■ How to complete this task: Extract, exactly as written, the line that contains "Tahiti加冕！迪兰最强HD7870显卡评测" and all lines after it through the end of the records. Omit pictures.

■ The records:

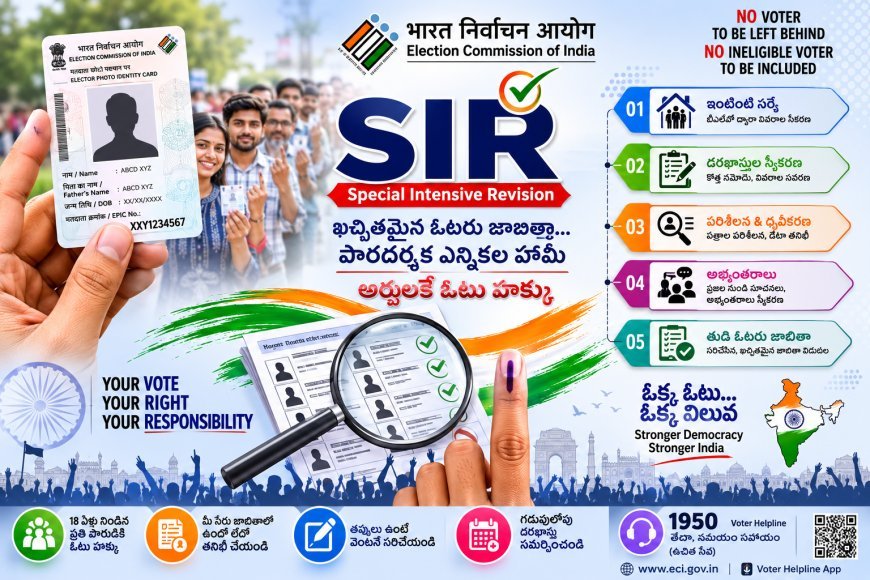 SIR తో ఓటరు జాబితా ప్రక్షాళన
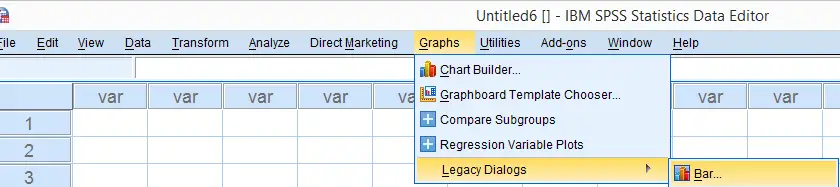 SPSS Graphs Legacy Dialogs Bar 840
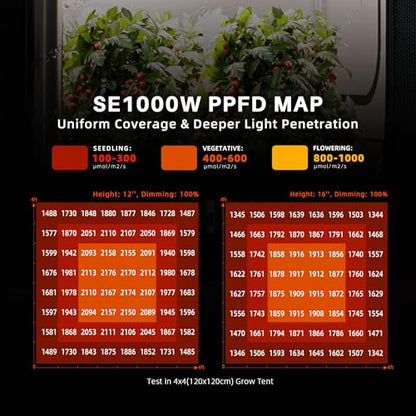 Spider Farmer SE1000W Smart LED Grow Light, 1000W Bar Style with App Control, Dimmable Daisy Chain, Full Spectrum for 5x5ft Coverage, Commercial Grade Vertical Farming Lamp for Indoor Plants - size: 5x5 Coverage-1000W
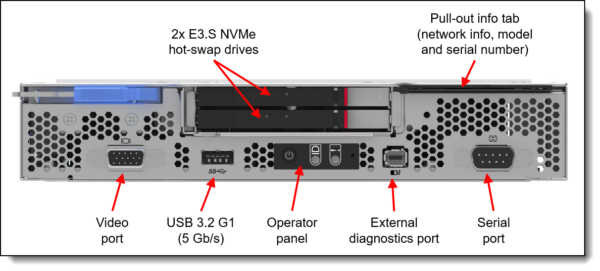 upa202r2rx0b035 p805 ext 1 i30 mk hefa6792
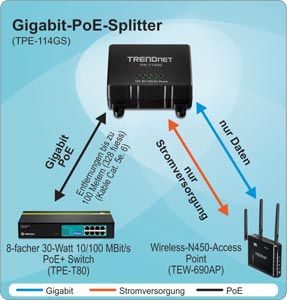 Trendnet TPE 114GS Gigabit Power over Ethernet Computer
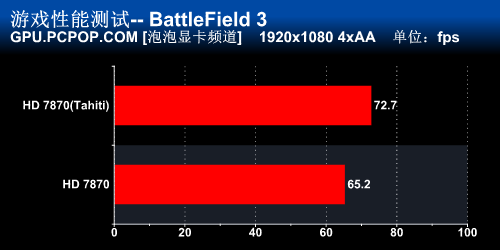 Tahiti加冕！迪兰最强HD7870显卡评测 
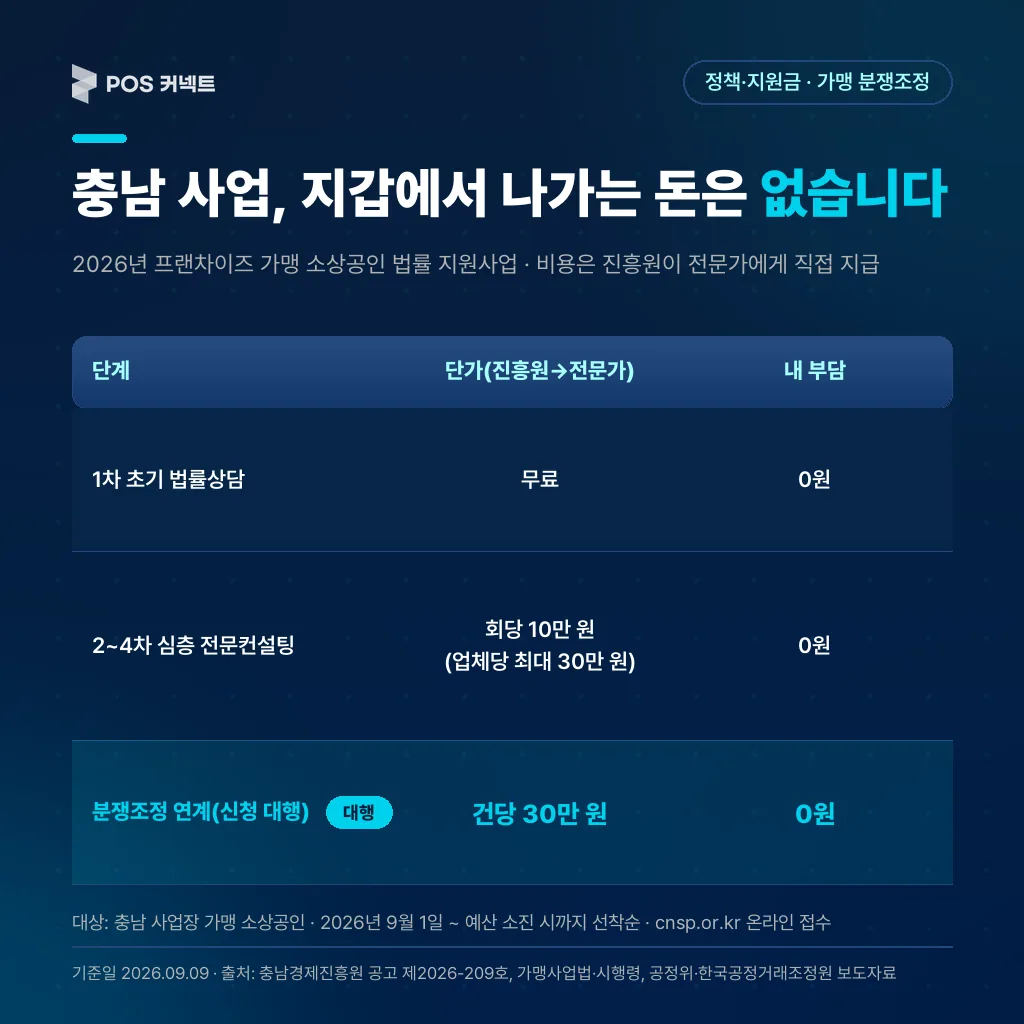 충남 사업, 지갑에서 나가는 돈은 없습니다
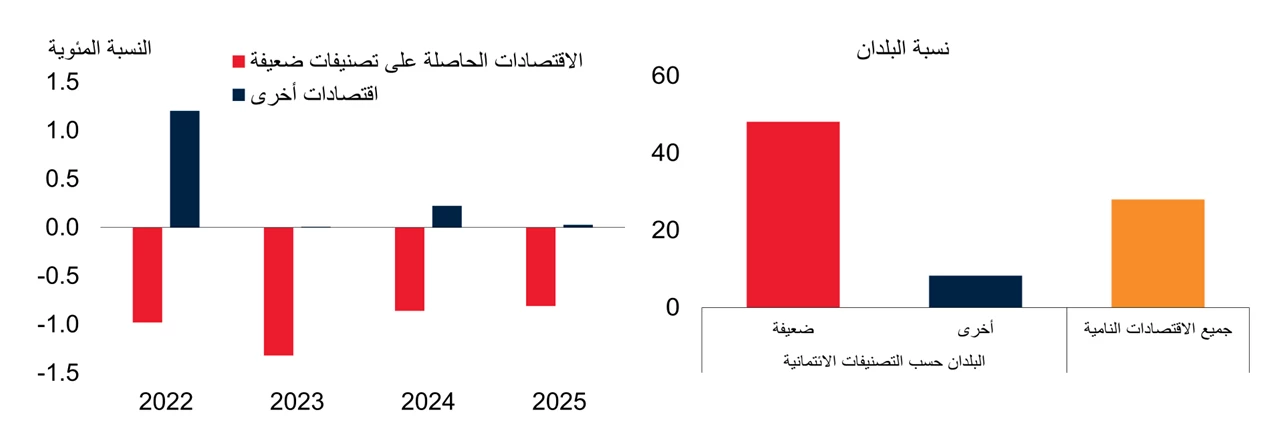 Slower Recovery and Weaker Growth Prospects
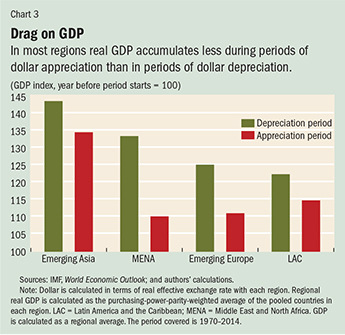 Chart 3. Drag on GDP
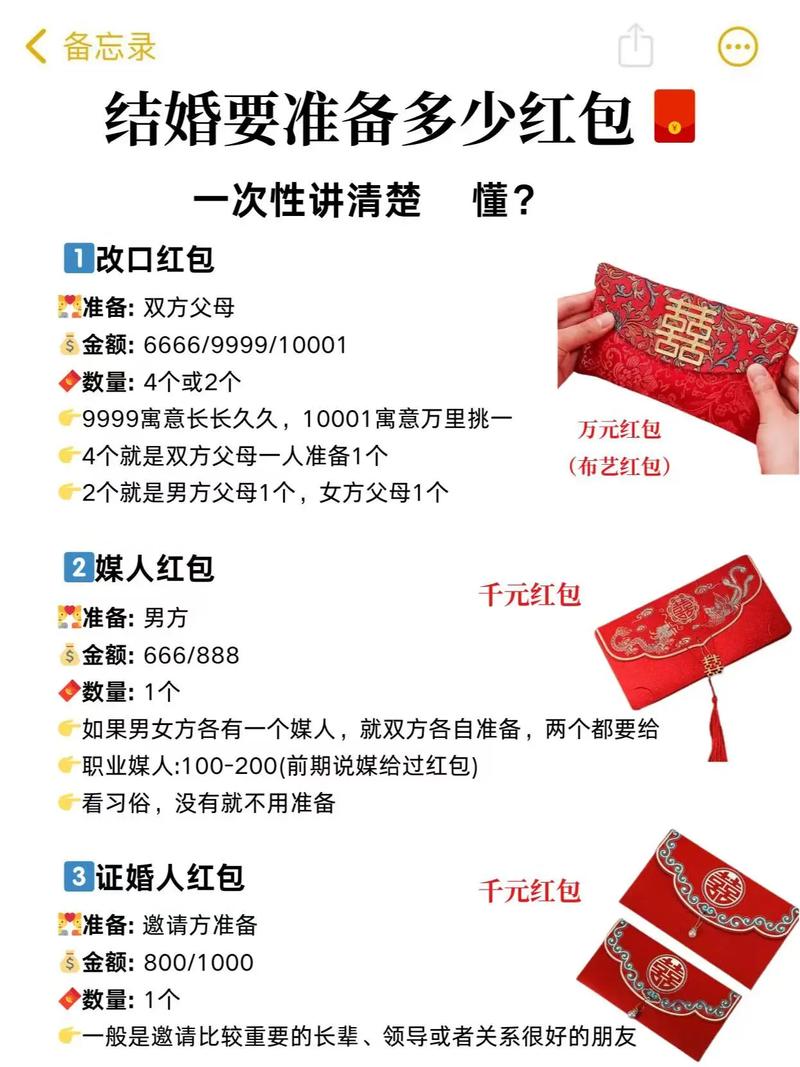 登記結婚要包紅包嗎?原來紅包學問這麼大,一文看懂各種情況! 1 登記結婚要包紅包嗎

■ The answer:
 Tahiti加冕！迪兰最强HD7870显卡评测 
 충남 사업, 지갑에서 나가는 돈은 없습니다
 Slower Recovery and Weaker Growth Prospects
 Chart 3. Drag on GDP
 登記結婚要包紅包嗎?原來紅包學問這麼大,一文看懂各種情況! 1 登記結婚要包紅包嗎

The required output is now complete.